__Task inputs__.
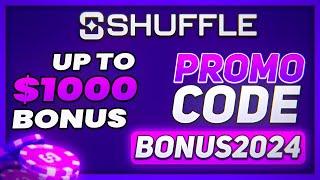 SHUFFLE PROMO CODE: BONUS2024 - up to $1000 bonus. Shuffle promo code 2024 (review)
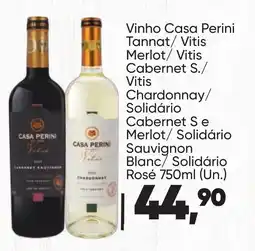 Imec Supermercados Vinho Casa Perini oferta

* * *

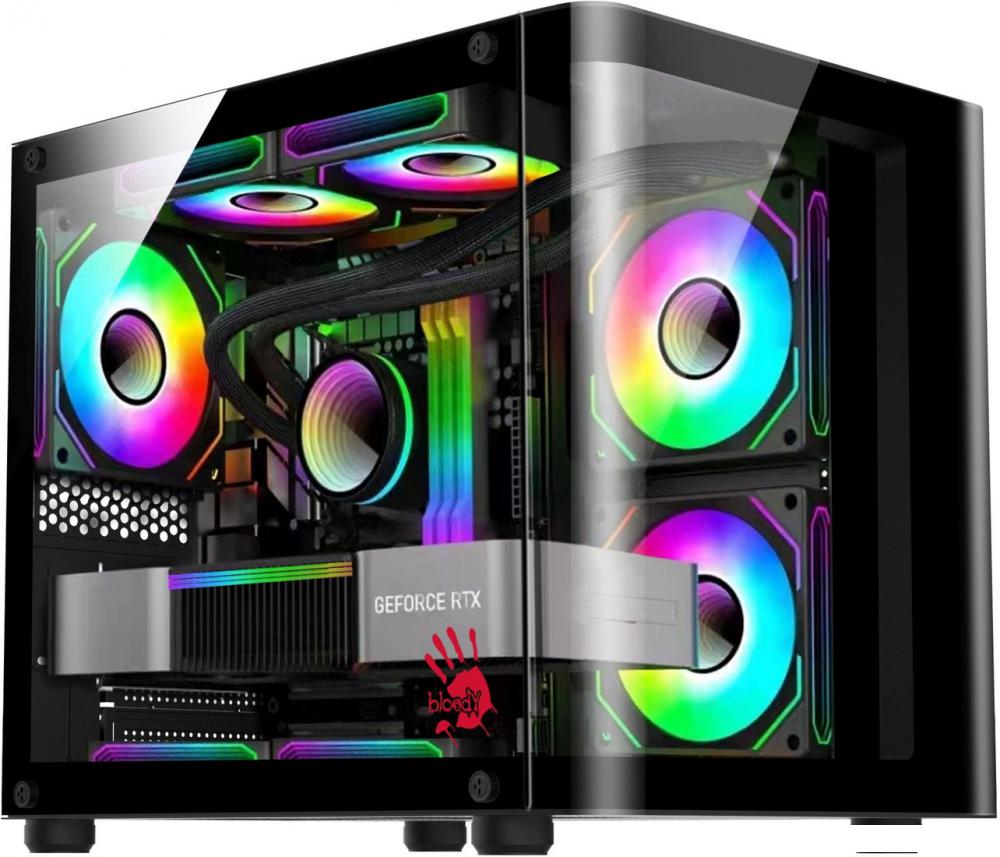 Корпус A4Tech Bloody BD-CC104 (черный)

...

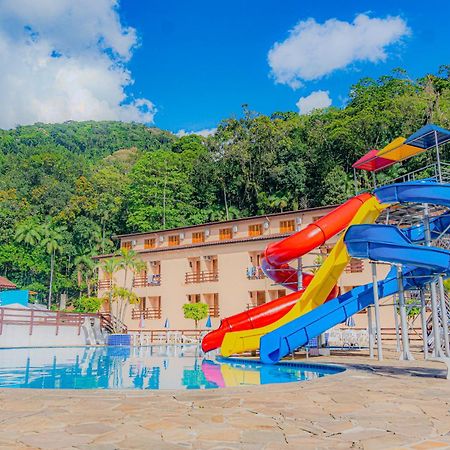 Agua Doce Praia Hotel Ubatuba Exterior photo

__Directions__. The data above holds the lines to copy: start at the one with "SHUFFLE PROMO CODE: BONUS2024", stop at the one with "Imec Supermercados Vinho Casa Perini oferta", include both, copy them exactly without pictures, and copy nothing else.

__Answer space__.
 SHUFFLE PROMO CODE: BONUS2024 - up to $1000 bonus. Shuffle promo code 2024 (review)
 Imec Supermercados Vinho Casa Perini oferta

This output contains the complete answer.